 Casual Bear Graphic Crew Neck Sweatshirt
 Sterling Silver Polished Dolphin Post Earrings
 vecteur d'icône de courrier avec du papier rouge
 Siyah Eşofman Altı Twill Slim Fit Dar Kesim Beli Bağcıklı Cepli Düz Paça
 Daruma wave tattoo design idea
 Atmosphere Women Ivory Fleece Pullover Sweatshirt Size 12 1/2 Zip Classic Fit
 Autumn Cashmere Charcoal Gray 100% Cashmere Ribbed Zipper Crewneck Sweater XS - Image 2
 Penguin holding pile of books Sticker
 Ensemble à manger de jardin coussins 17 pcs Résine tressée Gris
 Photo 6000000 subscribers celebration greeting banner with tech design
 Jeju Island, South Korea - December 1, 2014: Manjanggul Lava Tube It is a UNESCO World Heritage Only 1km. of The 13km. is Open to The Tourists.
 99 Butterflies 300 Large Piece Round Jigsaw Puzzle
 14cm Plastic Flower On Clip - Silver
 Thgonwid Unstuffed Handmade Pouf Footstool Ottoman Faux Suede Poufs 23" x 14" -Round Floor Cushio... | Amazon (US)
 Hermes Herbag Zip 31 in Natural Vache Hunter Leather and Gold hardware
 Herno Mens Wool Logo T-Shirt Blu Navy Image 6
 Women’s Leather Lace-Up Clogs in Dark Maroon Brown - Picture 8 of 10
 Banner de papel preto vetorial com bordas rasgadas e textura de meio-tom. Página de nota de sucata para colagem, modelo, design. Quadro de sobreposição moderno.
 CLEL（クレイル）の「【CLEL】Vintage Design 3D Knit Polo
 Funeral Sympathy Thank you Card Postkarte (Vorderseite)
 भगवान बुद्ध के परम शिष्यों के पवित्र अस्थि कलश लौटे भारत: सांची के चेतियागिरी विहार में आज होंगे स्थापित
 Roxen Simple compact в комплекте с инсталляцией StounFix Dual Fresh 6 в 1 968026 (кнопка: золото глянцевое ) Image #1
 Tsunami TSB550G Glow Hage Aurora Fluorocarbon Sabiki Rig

══════

Within the data above, find the lines that contain the word "Silver" and copy each of them.

 Sterling Silver Polished Dolphin Post Earrings
 14cm Plastic Flower On Clip - Silver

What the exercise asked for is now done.